Justices Stratas, Scott and Marc Nadon, who readers will remember as Prime Minister Stephen Harper’s recent controversial and ill-fated appointment to the Supreme Court of Canada, heard arguments from Hupacasath’s lawyers Mark Underhill and Cathie Boies-Parker and lawyers representing the Crown.

“I was really happy to see the courtroom was packed and that there were people sitting outside because there was no room left,” said Brenda Sayers, who is spearheading the challenge on behalf of Hupacasath. She said it was good for the three judges to see how much interest this case has generated.
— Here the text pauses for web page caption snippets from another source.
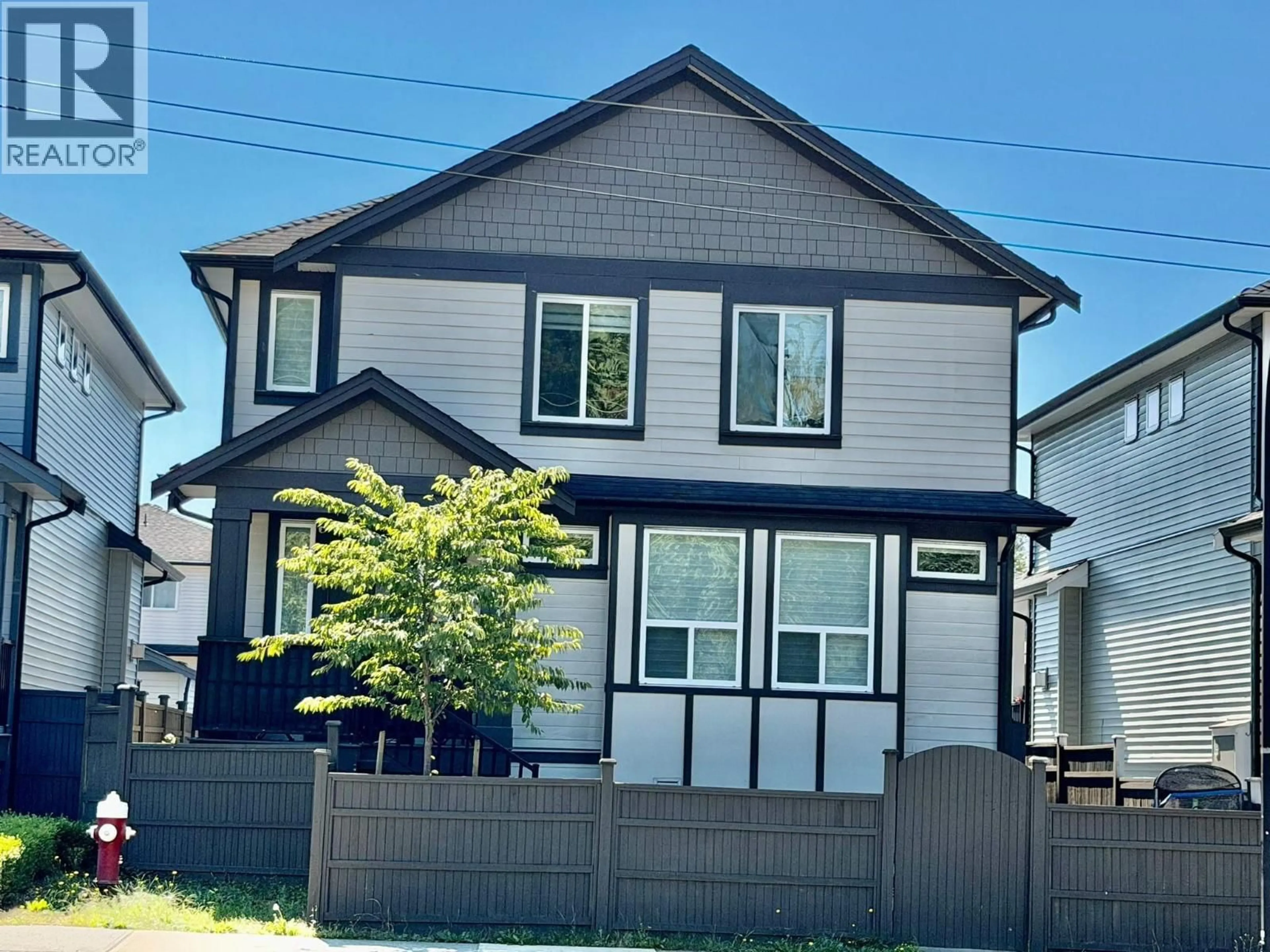 Home with vinyl exterior material, street for 23912 DEWDNEY TRUNK ROAD, Maple Ridge British Columbia V4R1W2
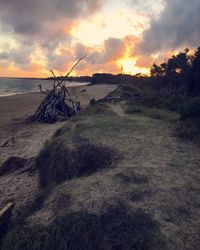 Scenic view of land against sky during sunset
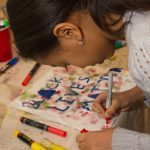 A young girl makes art at an activity table at East Liberty Celebrates MLK 2015.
In the gallery were Hupacasath Chief Councillor Steve Tatoosh, Nuu-chah-nulth Tribal Council President Debra Foxcroft, and President of the Union of British Columbia Indian Chiefs, Grand Chief Stewart Phillip.

This international treaty has caused considerable concern to Canadians, because this FIPA is different, said Sayers. The stakes are significant and worrying. There are decades of obligation, extra protections provided to China, and potential, daunting damages that could put taxpayers on the hook for millions.
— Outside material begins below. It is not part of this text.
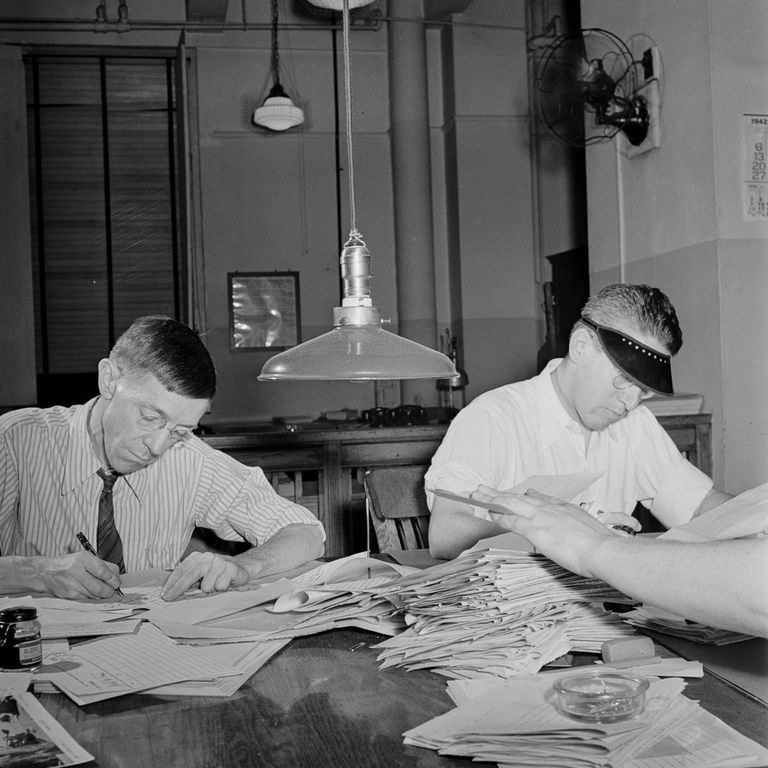 Copyreaders at the foreign desk in the newsroom. In the foreground, the foreign editor discards a story by "spiking" it.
“Everyone should be concerned, because their grandchildren and their great grandchildren are going to be living with the effects,” Sayers said.

Thousands of dollars have been donated to the Hupacasath challenge, and many have expressed their appreciation to the small nation for taking it on. “I just can’t emphasize enough how grateful Hupacasath is for the overwhelming support from across Canada,” said Sayers.

“I think it’s pretty incredible that this case has got to this point,” said Phillip. “It gives me hope. We must remember that it was all done behind closed doors… This case blew the door off the back room, so to speak. Everybody got to find out what the Harper government was up to. So it’s an incredible case. It’s an exciting case.”

Hupacasath’s submission in the Federal Court of Appeal was that the lower court erred when it dismissed Hupacasath’s call for consultation before the CC-FIPA is ratified. The lower court decided Hupacasath provided no causal link to indigenous peoples’ title and rights that would trigger the duty to consult and that any potential adverse impact to the first nation regarding CC-FIPA was “non-appreciable and speculative in nature.”

Underhill, however, worked to convince the court that the very forward-looking nature of the 31-year Canada/China deal triggered the duty to consult. CC-FIPA would bind the first nation and constrain the power of Canada to protect Aboriginal rights and title.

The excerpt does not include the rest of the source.